Pour les créateurs, les entreprises et les personnalités publiques, l’approche la plus fiable consiste à éviter de faire d’un seul compte social l’unique moyen de contact avec leur audience. Un nom de domaine personnel ou professionnel constitue un point de référence stable qui peut rester identique même lorsque certains services sociaux évoluent. Une liste d’adresses e-mail constituée avec le consentement approprié peut offrir un autre canal de communication direct. Les comptes sociaux peuvent alors servir de canaux de diffusion autour d’une identité plus durable, au lieu de devenir l’unique endroit où existe la relation entre un éditeur et son public.

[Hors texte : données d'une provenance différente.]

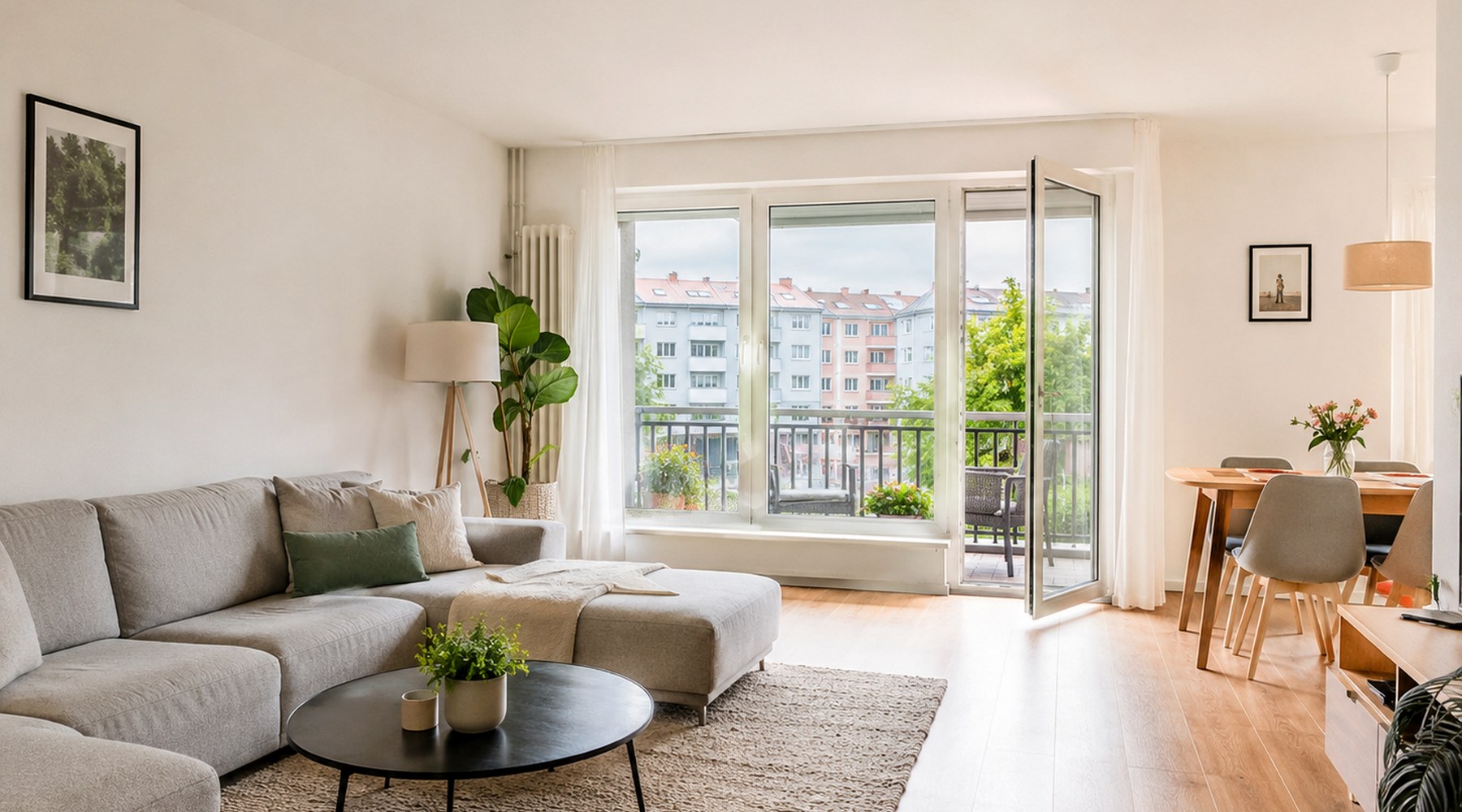 Helles Wohnambiente als Inspiration für die Immobiliensuche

Les utilisateurs des systèmes décentralisés plus récents peuvent également exploiter concrètement les fonctionnalités de portabilité déjà disponibles. Un utilisateur de Bluesky peut envisager d’utiliser un identifiant reposant sur son propre nom de domaine et veiller à maintenir ses informations de récupération à jour. Les utilisateurs de Mastodon peuvent conserver des exportations de leurs listes de comptes utiles et comprendre la procédure de migration avant d’en avoir besoin. Les utilisateurs de Threads qui ont accès au partage avec le fediverse peuvent l’utiliser afin de rendre leurs publications publiques et leur identité visibles en dehors de Threads. Dans tous les cas, effectuer régulièrement des exportations de données reste utile, même si une exportation doit être considérée comme une sauvegarde plutôt que comme la garantie que toutes les connexions sociales pourront être recréées ailleurs.

En 2026, les réseaux sociaux ne se divisent plus clairement entre services fermés et alternatives entièrement décentralisées. Threads associe un système de comptes géré de manière centralisée à une interopérabilité croissante avec le fediverse. Bluesky accorde à l’identité et aux données sociales un rôle plus portable grâce à AT Protocol. Mastodon montre que la migration des abonnés entre serveurs indépendants peut fonctionner tout en illustrant les limites liées au transfert de l’historique des contenus. Aucune de ces approches ne donne à un utilisateur la propriété des autres personnes. La véritable forme de contrôle réside dans la capacité à préserver une identité reconnaissable, conserver les données utiles, maintenir plusieurs moyens d’accéder à son audience et quitter un service sans perdre automatiquement toutes les relations qui y ont été construites.